───── Data in this exercise

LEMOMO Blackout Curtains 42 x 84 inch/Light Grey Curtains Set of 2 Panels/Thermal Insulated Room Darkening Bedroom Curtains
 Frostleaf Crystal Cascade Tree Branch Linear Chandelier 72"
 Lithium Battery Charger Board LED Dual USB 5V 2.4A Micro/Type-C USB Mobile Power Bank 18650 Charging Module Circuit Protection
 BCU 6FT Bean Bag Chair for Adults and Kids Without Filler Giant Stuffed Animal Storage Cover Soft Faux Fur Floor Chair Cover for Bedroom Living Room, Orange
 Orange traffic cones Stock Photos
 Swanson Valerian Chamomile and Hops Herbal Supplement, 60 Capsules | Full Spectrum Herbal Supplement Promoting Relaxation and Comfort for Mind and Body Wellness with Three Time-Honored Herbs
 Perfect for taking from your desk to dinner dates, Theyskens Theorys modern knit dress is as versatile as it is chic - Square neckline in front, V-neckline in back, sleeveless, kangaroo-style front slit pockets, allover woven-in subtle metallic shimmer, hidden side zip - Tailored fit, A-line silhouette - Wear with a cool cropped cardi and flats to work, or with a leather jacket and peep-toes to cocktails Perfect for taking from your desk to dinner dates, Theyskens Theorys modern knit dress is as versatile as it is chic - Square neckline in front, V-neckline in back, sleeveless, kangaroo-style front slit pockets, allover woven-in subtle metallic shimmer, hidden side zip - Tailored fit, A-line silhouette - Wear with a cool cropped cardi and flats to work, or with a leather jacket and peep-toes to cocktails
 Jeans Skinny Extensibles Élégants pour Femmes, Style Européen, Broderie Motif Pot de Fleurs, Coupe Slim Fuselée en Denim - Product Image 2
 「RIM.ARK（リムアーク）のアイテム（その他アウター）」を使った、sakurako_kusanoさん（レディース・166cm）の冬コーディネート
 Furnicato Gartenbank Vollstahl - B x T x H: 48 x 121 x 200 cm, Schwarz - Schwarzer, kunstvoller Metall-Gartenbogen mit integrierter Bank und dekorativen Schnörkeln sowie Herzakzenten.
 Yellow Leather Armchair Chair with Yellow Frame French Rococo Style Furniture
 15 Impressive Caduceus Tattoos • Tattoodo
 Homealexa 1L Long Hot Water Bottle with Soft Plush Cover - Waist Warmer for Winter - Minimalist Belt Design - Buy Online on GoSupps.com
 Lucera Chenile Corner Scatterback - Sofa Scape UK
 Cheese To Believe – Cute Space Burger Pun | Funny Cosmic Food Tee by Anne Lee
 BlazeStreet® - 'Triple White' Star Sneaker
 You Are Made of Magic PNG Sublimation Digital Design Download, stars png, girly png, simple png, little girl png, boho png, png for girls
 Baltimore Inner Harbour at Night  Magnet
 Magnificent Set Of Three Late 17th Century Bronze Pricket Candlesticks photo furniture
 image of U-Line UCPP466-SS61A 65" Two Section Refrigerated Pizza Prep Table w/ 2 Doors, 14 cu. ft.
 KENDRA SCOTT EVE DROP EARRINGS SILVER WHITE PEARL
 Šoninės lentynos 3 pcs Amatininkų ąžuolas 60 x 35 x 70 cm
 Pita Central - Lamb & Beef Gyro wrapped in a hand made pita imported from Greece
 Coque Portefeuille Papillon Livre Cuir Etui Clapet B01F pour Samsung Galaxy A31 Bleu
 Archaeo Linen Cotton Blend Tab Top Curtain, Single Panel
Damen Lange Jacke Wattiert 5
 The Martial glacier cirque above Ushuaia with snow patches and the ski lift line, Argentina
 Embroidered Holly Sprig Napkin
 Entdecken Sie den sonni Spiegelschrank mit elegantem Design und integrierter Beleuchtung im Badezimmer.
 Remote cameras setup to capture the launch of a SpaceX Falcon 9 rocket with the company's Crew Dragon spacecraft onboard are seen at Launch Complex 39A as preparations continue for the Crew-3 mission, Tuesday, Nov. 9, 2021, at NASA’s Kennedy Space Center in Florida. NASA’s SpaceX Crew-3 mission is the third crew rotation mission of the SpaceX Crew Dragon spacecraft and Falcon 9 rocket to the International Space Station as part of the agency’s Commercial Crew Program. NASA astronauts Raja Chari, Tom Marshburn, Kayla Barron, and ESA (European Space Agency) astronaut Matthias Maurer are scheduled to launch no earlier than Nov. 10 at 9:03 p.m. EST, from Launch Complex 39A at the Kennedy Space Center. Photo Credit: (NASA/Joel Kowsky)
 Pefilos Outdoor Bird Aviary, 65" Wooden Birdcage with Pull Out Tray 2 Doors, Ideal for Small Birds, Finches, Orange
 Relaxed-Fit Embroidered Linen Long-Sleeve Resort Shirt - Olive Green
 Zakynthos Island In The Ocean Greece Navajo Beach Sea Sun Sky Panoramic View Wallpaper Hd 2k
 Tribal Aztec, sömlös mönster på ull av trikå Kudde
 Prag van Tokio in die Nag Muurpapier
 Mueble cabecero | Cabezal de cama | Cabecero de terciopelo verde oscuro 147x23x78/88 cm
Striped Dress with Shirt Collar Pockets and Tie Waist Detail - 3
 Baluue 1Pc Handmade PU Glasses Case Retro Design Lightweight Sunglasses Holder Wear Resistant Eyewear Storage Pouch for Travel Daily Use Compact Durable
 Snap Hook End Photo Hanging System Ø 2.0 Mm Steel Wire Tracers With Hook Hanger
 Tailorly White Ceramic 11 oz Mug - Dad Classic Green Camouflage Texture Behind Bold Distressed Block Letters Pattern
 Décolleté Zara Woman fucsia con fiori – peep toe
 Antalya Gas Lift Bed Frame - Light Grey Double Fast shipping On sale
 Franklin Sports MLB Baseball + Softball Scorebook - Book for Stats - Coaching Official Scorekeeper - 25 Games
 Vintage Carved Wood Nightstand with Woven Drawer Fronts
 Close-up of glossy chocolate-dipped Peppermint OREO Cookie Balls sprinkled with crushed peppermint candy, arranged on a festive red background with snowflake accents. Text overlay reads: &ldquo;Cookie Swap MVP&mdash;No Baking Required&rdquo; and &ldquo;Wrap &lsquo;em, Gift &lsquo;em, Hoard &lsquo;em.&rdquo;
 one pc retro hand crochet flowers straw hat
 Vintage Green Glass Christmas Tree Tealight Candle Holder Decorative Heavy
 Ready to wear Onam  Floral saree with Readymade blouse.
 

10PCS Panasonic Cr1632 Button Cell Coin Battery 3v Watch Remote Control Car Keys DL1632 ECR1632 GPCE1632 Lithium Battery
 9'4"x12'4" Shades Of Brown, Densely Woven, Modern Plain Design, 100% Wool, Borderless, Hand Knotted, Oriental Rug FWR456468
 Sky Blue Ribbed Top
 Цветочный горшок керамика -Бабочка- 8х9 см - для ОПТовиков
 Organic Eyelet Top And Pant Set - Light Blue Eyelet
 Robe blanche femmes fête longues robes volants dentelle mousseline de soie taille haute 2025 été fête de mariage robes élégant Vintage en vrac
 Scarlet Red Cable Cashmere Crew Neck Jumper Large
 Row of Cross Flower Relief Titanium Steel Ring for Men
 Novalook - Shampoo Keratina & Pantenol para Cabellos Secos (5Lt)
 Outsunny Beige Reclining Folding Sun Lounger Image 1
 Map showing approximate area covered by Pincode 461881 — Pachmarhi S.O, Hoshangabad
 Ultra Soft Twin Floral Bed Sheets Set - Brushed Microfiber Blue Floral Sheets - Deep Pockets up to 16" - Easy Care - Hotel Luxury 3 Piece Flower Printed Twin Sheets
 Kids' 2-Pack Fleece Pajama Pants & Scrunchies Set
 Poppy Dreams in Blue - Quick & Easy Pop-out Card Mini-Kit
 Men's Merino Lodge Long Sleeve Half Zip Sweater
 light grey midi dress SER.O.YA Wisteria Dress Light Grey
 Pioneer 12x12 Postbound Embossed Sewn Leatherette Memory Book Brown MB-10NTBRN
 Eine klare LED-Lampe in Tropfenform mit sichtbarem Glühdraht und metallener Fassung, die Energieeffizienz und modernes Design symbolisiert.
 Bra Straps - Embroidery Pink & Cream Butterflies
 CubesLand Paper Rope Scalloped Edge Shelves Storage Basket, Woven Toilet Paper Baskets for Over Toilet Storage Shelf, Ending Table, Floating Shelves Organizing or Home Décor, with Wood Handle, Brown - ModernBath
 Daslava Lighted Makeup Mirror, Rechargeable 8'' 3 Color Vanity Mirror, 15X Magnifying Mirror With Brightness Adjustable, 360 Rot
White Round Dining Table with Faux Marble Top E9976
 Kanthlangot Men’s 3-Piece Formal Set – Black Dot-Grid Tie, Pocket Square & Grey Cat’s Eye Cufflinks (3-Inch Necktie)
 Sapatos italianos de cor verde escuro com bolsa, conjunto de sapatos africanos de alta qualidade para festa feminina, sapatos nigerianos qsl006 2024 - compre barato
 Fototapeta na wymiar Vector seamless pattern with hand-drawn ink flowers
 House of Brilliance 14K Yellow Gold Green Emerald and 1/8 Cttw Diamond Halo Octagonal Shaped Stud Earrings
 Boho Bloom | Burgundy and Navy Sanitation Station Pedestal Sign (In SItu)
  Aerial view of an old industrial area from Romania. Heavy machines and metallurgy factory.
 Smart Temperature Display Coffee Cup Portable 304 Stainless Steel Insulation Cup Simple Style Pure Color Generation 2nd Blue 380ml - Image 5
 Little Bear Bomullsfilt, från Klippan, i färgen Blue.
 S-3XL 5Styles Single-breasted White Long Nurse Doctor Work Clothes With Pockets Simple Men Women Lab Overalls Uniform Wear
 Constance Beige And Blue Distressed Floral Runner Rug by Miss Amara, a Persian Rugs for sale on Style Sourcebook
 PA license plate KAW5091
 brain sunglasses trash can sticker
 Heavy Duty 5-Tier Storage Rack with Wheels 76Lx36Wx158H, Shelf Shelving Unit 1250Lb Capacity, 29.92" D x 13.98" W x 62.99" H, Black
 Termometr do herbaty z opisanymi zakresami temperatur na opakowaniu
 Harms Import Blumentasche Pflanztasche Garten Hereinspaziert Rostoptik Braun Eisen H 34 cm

──────────

- Problem statement: From the records above, return each line where "Room" occurs.

- The answer:
LEMOMO Blackout Curtains 42 x 84 inch/Light Grey Curtains Set of 2 Panels/Thermal Insulated Room Darkening Bedroom Curtains
 BCU 6FT Bean Bag Chair for Adults and Kids Without Filler Giant Stuffed Animal Storage Cover Soft Faux Fur Floor Chair Cover for Bedroom Living Room, Orange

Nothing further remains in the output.